U.S.
Supreme Court
Divided on Warming
By Zachary Coile
02 December, 2006
San Francisco Chronicle
The
U.S. Supreme Court, tackling its first case on climate change, appeared
divided and somewhat baffled Wednesday over how the government should
respond to the warming of the planet.
Justice Antonin Scalia, reflecting
the skeptic's view, pressed the lawyer representing Massachusetts and
other states about how soon the dire effects of global warming would
begin. "When is the predicted cataclysm?" Scalia asked with
some sarcasm.
Chief Justice John Roberts,
echoing the Bush administration's view, wondered why the United States
should reduce its greenhouse gas emissions if China's output of gases
will rise sharply in coming years.
Justice Stephen Breyer suggested
that a more active response by government could halt global warming.
"Suppose, for example,
they regulate this, and before you know it, they start to sequester
carbon with the power plants, and before you know it, they decide ethanol
might be a good idea, and before you know it, they decide any one of
15 things, each of which has an impact, and lo and behold, Cape Cod
is saved," Breyer said. "Now, why is it unreasonable?"
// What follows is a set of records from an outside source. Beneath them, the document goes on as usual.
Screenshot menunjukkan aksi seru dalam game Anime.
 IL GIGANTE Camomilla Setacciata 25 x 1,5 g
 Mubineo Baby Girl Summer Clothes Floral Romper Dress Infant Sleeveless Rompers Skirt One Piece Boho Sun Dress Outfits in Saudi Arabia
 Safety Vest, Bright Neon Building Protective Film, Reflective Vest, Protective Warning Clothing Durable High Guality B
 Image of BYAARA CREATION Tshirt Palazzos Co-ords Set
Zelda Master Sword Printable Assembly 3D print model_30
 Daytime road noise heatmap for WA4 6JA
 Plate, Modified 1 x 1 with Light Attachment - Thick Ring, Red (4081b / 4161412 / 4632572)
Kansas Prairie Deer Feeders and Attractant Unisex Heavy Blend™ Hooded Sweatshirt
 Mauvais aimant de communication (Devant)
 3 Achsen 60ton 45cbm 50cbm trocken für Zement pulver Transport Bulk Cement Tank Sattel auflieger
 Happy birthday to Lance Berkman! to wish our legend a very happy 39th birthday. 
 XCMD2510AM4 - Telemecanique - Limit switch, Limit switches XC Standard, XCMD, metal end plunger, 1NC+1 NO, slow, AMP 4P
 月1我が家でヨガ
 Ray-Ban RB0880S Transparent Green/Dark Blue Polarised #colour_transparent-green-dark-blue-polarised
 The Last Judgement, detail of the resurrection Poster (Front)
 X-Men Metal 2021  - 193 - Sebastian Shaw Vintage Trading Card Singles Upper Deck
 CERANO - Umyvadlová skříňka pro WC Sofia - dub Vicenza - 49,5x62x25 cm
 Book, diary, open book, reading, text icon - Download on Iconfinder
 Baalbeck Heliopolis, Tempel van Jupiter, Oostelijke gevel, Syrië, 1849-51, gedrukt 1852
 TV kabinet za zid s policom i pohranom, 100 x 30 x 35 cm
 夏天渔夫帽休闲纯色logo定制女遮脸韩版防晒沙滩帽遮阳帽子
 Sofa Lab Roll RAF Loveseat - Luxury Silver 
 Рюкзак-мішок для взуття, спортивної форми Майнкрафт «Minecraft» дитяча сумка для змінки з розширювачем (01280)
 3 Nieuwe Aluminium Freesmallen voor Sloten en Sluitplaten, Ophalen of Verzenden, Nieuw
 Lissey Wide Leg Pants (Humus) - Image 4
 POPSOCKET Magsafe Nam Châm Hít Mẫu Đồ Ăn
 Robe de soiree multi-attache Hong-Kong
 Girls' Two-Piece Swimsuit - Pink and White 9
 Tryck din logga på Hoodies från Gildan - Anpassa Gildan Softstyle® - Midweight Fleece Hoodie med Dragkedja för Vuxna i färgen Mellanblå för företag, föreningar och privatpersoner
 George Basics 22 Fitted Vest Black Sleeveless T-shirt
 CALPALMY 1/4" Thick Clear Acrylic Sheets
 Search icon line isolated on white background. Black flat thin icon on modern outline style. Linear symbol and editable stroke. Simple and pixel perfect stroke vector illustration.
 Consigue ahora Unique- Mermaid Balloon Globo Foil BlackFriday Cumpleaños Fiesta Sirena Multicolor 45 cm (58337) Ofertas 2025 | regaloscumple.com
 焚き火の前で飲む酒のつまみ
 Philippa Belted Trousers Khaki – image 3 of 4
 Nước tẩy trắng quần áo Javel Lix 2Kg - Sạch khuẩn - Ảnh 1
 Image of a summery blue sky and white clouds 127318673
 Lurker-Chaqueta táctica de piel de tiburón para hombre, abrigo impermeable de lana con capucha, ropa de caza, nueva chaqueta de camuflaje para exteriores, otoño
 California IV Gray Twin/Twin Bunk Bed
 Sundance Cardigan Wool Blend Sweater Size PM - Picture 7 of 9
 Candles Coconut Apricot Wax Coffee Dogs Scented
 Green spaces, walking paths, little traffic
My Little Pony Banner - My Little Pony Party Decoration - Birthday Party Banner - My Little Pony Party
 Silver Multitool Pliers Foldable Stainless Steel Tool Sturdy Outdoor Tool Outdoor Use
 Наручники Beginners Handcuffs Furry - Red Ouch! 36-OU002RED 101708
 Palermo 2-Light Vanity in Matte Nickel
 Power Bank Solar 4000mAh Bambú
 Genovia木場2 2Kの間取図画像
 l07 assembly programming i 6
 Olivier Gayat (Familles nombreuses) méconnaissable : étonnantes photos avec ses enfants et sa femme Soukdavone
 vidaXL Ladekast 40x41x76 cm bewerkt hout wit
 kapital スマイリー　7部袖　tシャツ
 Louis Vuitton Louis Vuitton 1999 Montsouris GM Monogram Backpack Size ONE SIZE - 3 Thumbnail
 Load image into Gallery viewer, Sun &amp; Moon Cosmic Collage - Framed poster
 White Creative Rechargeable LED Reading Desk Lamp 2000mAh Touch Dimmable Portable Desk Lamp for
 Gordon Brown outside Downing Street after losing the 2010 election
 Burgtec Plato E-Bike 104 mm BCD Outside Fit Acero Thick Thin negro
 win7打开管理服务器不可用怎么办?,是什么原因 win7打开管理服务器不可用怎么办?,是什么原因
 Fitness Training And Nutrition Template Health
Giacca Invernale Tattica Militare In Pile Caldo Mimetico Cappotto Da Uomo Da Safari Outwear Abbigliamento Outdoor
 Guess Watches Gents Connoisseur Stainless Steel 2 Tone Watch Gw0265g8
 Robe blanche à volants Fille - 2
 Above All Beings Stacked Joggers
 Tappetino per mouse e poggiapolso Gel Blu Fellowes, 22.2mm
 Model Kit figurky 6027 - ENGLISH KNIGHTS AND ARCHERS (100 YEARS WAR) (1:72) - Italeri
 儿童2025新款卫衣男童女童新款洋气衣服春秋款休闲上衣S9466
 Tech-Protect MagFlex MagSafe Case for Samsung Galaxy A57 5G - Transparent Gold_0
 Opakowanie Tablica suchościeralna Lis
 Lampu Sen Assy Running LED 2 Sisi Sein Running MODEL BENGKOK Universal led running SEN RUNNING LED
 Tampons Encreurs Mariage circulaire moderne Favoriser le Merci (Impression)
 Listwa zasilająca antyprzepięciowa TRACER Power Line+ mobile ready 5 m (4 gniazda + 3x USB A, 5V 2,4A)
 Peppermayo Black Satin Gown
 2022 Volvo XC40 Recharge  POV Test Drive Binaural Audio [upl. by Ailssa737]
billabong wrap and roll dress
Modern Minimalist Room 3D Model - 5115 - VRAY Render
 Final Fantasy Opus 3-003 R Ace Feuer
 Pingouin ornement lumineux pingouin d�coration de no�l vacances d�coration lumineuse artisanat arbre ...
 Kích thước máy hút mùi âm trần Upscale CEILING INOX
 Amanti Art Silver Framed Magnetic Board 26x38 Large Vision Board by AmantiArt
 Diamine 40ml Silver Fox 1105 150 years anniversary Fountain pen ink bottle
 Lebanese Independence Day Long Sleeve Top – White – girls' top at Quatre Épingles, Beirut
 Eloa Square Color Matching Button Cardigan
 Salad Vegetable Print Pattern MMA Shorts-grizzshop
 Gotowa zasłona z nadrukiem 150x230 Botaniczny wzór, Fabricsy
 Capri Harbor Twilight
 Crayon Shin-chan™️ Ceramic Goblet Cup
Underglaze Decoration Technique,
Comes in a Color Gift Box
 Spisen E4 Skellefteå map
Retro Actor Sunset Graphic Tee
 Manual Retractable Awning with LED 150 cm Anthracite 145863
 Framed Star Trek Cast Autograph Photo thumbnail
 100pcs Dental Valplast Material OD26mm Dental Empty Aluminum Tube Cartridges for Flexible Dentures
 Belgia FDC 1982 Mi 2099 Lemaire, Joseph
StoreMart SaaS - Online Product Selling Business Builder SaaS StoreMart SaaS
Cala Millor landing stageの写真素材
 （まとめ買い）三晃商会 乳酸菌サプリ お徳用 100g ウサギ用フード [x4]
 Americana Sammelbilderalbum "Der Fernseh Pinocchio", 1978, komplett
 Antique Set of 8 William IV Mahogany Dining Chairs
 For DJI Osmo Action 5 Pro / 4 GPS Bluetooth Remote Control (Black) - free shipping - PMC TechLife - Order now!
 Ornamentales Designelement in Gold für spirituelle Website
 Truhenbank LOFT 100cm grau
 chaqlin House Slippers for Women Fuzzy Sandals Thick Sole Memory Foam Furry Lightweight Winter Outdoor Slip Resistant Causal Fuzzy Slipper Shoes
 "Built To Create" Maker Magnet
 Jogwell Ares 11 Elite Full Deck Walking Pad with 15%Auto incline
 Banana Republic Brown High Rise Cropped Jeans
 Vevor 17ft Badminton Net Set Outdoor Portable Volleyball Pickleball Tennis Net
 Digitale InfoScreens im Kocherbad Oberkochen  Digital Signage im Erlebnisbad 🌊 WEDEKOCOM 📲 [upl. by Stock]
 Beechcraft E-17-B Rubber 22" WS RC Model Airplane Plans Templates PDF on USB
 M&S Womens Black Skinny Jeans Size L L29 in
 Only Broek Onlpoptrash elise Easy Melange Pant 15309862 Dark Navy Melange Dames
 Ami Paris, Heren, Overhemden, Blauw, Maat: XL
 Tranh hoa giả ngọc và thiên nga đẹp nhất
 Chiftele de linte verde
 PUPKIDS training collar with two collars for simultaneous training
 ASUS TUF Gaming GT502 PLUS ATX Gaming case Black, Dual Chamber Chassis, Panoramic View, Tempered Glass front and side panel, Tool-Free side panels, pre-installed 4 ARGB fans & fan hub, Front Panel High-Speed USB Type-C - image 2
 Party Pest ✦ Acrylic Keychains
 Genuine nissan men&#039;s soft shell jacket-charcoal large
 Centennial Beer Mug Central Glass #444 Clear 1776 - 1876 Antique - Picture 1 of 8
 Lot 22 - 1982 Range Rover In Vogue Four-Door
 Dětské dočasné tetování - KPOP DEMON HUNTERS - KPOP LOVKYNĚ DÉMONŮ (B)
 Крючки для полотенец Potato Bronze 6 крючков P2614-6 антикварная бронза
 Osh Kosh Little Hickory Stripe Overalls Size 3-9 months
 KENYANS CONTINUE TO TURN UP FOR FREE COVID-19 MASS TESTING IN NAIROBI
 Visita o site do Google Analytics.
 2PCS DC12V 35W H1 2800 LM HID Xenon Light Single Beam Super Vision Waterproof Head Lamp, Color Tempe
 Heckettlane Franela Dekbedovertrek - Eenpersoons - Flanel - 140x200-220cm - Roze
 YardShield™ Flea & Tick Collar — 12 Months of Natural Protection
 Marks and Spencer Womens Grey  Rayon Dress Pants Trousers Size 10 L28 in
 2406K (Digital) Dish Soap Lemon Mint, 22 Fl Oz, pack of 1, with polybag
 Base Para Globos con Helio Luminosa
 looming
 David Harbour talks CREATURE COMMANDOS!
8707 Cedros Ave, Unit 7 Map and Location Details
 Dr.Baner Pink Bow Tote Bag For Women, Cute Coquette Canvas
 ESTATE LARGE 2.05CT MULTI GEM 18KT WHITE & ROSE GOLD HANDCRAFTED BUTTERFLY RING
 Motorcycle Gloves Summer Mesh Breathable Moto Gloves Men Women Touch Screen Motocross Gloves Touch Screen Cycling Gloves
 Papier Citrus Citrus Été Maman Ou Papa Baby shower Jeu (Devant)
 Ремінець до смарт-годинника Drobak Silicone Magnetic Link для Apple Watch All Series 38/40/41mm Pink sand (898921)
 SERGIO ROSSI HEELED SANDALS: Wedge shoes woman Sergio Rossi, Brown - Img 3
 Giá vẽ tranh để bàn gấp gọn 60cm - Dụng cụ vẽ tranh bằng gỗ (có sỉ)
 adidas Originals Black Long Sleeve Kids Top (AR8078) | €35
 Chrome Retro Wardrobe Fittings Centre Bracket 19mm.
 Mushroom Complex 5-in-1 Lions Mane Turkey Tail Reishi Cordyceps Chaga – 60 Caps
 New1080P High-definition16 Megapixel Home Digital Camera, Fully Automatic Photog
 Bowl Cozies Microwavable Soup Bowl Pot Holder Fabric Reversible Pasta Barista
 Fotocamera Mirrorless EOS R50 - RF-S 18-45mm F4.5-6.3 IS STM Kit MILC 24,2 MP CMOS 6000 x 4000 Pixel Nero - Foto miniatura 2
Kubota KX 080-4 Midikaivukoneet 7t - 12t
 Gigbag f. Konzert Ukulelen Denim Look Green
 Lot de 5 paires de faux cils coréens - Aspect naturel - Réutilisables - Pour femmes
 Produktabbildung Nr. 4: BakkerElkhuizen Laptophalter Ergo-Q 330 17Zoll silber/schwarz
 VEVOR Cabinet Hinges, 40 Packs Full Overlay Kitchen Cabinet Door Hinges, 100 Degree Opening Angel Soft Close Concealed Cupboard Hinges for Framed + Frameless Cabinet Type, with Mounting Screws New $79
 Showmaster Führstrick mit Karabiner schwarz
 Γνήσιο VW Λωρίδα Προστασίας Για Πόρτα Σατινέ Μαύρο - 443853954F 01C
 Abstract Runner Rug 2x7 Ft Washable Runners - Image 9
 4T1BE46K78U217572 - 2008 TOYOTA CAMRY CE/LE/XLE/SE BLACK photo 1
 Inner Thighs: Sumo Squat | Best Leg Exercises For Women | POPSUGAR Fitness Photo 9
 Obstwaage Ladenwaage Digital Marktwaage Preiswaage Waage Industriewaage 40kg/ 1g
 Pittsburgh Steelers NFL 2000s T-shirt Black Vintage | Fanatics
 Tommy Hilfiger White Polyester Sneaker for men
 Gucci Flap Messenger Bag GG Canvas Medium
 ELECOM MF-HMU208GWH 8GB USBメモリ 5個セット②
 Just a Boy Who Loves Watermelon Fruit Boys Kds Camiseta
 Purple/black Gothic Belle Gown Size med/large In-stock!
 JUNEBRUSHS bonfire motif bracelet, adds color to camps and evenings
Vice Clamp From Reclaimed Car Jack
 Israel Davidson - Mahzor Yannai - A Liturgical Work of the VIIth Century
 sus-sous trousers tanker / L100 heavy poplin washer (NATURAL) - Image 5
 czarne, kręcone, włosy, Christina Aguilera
The clashing views gave just
a hint of what the justices might decide in Massachusetts vs. Environmental
Protection Agency, a case aimed at settling whether the federal government
must regulate vehicle emissions of greenhouse gases under the Clean
Air Act. The ruling, expected by July, also could determine whether
California can proceed with its first-in-the-nation law restricting
tailpipe emissions of greenhouse gases, which is set to take effect
in 2009.
Regardless of the court's
decision, Congress could soon limit emissions of carbon dioxide and
other heat-trapping gases. Sen. Barbara Boxer, the incoming chair of
the Environment and Public Works Committee, said she will begin hearings
when Democrats take power in January on measures to curb greenhouse
gases from vehicles, power plants and other sources.
"We have to go after
carbon and reduce it wherever we find it, and the fact is about a third
of the problem is from vehicles," Boxer said Wednesday.
She believes it's likely
the high court will stake out a middle ground -- ruling that EPA has
the authority to regulate greenhouse gases but that the agency is not
required to do so. She added, "If the court were to say that the
EPA cannot regulate carbon, then we clearly will have to fix the Clean
Air Act."
The case is being watched
closely in California. The U.S. Environmental Protection Agency has
been sitting for a year on the state's request for a waiver to implement
its vehicle emissions rules, even though Gov. Arnold Schwarzenegger
has written President Bush several times asking him to approve it. If
the high court rules against the states, it could give EPA the legal
justification to deny California's request.
"It would be a blow
to us," said Linda Adams, secretary of California's Environmental
Protection Agency.
The case before the court
is being pushed by 12 states, including California, one U.S. territory,
three cities and 13 environmental groups that want to prod the Bush
administration into regulating greenhouse gases.
In 2003, the federal EPA
denied a petition by environmentalists to label four greenhouse gases
-- carbon dioxide, methane, nitrous oxide and hydrofluorocarbons --
as air pollutants. The agency said Congress never intended to address
climate change with the Clean Air Act.
The EPA also asserted that
even if the agency had the authority to regulate greenhouse gases, it
wouldn't because of scientific uncertainty around global warming and
because limiting U.S. emissions could hurt the president's ability to
persuade other countries to reduce their greenhouse gas output.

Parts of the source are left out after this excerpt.